Saturday, June 4, 2011

Etudes supérieures

Quelle peut bien être la cause de cette curieuse inégalité ? me demandai-je, étonnée, tout en dessinant des roues de charrette sur les fiches, fournies à d’autres fins par le contribuable anglais. Pourquoi donc, à en juger d’après ce catalogue, les femmes intéressent-elles les hommes tellement plus que les hommes n’intéressent les femmes ? Quelle curieuse chose ! Mon esprit s’aventura à se représenter la vie des hommes qui passent leur temps à écrire des livres sur les femmes. Sont-ils vieux ou jeunes ces hommes ? Mariés ou célibataires ? Ont-ils le nez rouge ou sont-ils bossus ? - en tout cas, il est flatteur, vaguement, de se sentir l’objet d’une telle attention, si elle ne provient pas uniquement d’estropiés et d’infirmes. Ainsi méditais-je jusqu’à l’instant où une avalanche de livres, glissant sur le bureau placé devant moi, mit fin à ces pensées frivoles.

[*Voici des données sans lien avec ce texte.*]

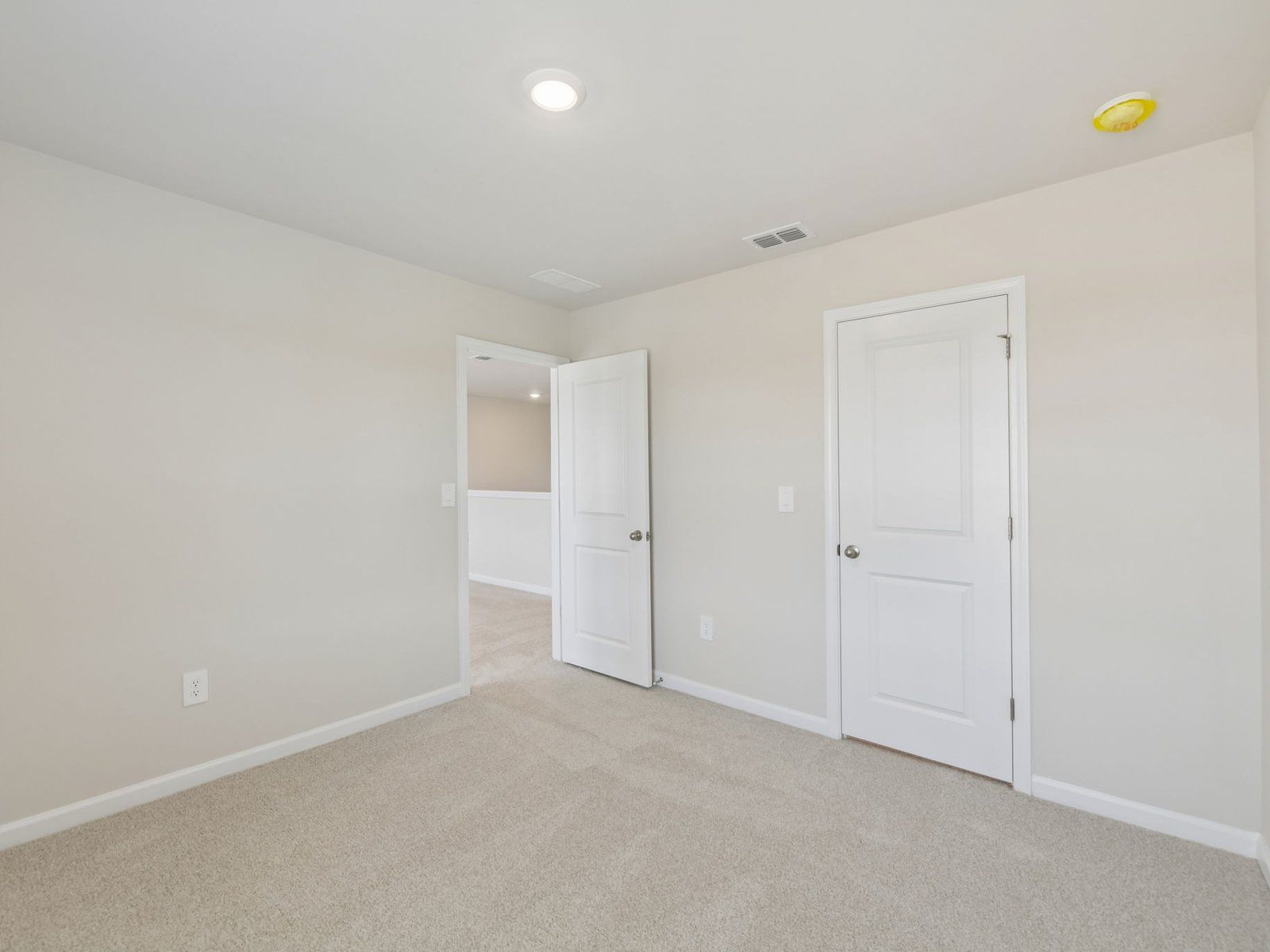 Secondary Bedroom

L’étudiant qui, à Oxbridge, a été formé aux recherches, a sans doute quelque méthode pour diriger son troupeau de questions et lui faire éviter les distractions du chemin puis l’amener à pénétrer dans la réponse comme la brebis entre dans un parc. Mon voisin, par exemple, cet étudiant qui recopiait avec zèle un manuel scientifique, extrayait de ce manuel, j’en suis sûre, toutes les dix minutes environ, des pépites de minerai essentiel. Ses petits grognements de satisfaction en étaient la preuve certaine. Mais quand, par malheur, on n’a aucune formation universitaire, l’enquête, loin d’être menée droit vers le parc, s’éparpille de-ci, de-là, en désordre, tel un troupeau terrifié poursuivi par une meute de chiens. Professeurs, maîtres d’école, sociologues, prédicateurs, romanciers, essayistes, journalistes, hommes qui n’avaient d’autres titres que celui de n’être pas des femmes, donnaient la chasse à ma simple et seule question : « Pourquoi les femmes sont-elles pauvres ? » Tant et si bien que cette question devint cinquante questions ; jusqu’au moment où ces cinquante questions se jetèrent frénétiquement dans le courant qui les emporta avec lui. Chaque page de mon carnet était couverte de notes griffonnées en hâte.